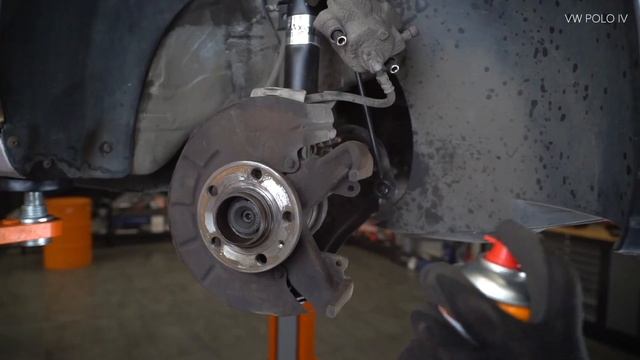 VW POLO 4 (9N) első féktárcsa csere [ÚTMUTATÓ AUTODOC]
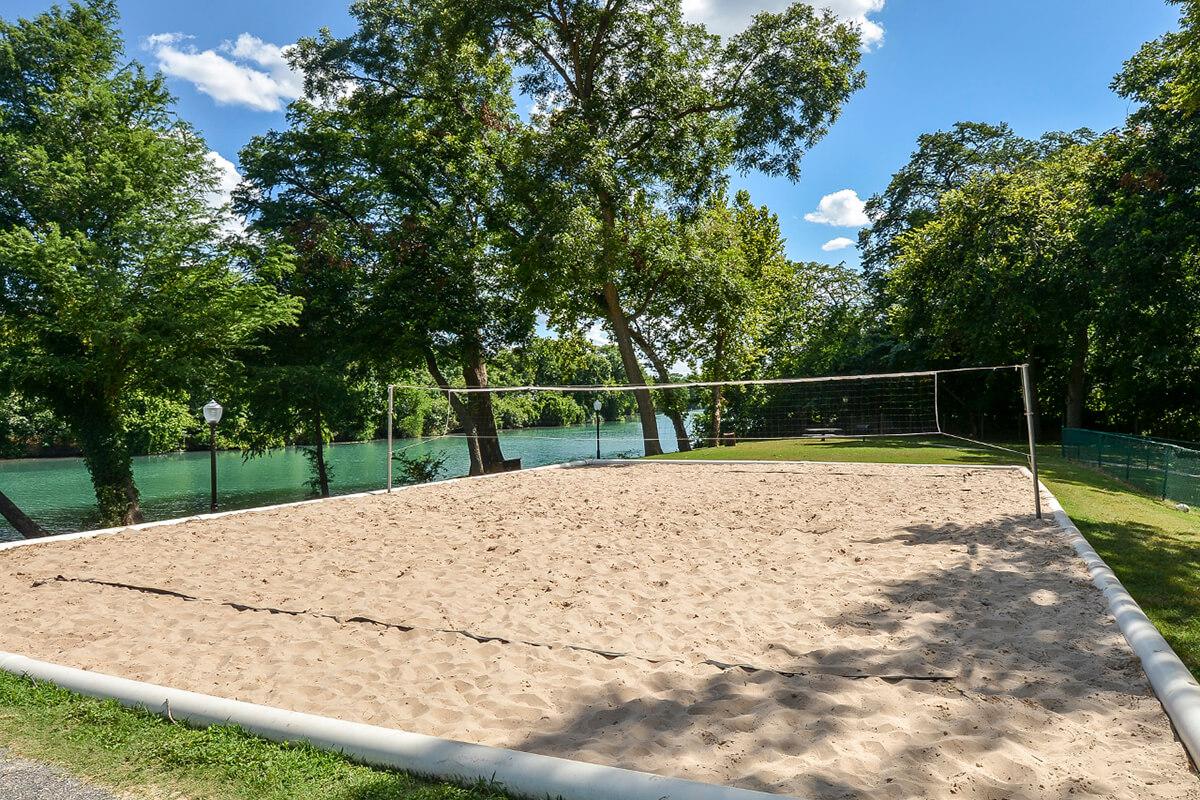 Westshore Colony Apartments in New Braunfels, TX - Sand Volleyball Court 02.jpg
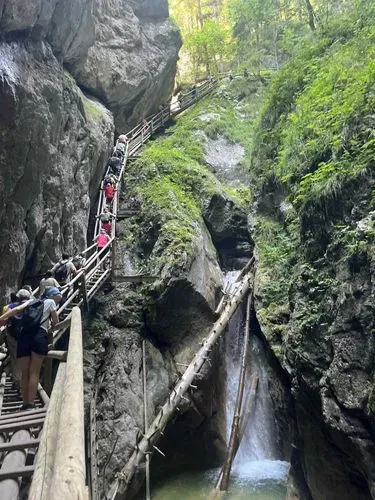 ÉLMÉNYEK A MEDVE-SZURDOKBAN 6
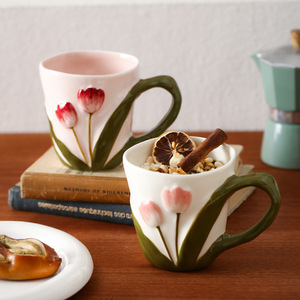 Creative Hand-Painted Tulip Ceramic Mug 500ml Large Capacity Embossed Flower Coffee Cup - Product Image 1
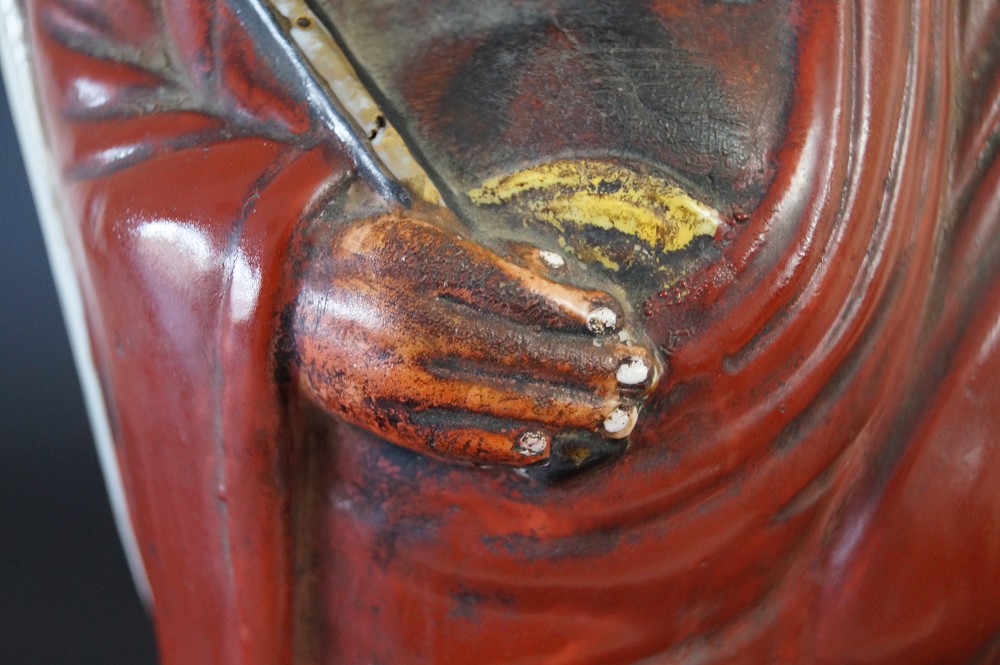 Daruma Figur aus Kutani Porzellan Hand mit Hossu Nahaufnahme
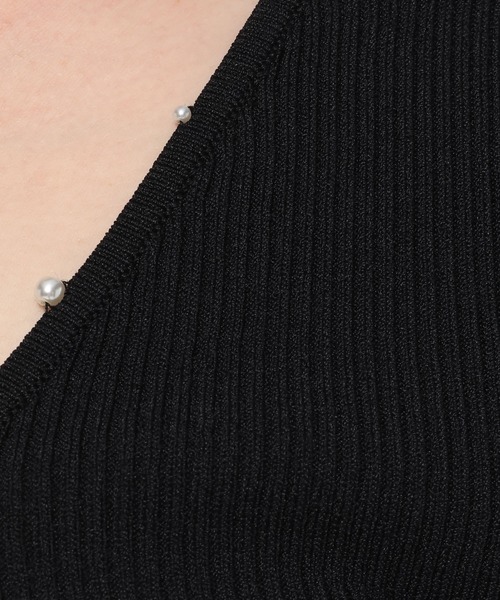 mysty woman(ミスティウーマン)の「プチパールショートカーディガン 587474(カーディガン/ボレロ・レディース・ブラック/ホワイト系その他・FREE)」の7枚目の写真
_ _ _
Pictures aside, reproduce every record exactly as it stands.

 VW POLO 4 (9N) első féktárcsa csere [ÚTMUTATÓ AUTODOC]
 Westshore Colony Apartments in New Braunfels, TX - Sand Volleyball Court 02.jpg
 ÉLMÉNYEK A MEDVE-SZURDOKBAN 6
 Creative Hand-Painted Tulip Ceramic Mug 500ml Large Capacity Embossed Flower Coffee Cup - Product Image 1
 Daruma Figur aus Kutani Porzellan Hand mit Hossu Nahaufnahme
 mysty woman(ミスティウーマン)の「プチパールショートカーディガン 587474(カーディガン/ボレロ・レディース・ブラック/ホワイト系その他・FREE)」の7枚目の写真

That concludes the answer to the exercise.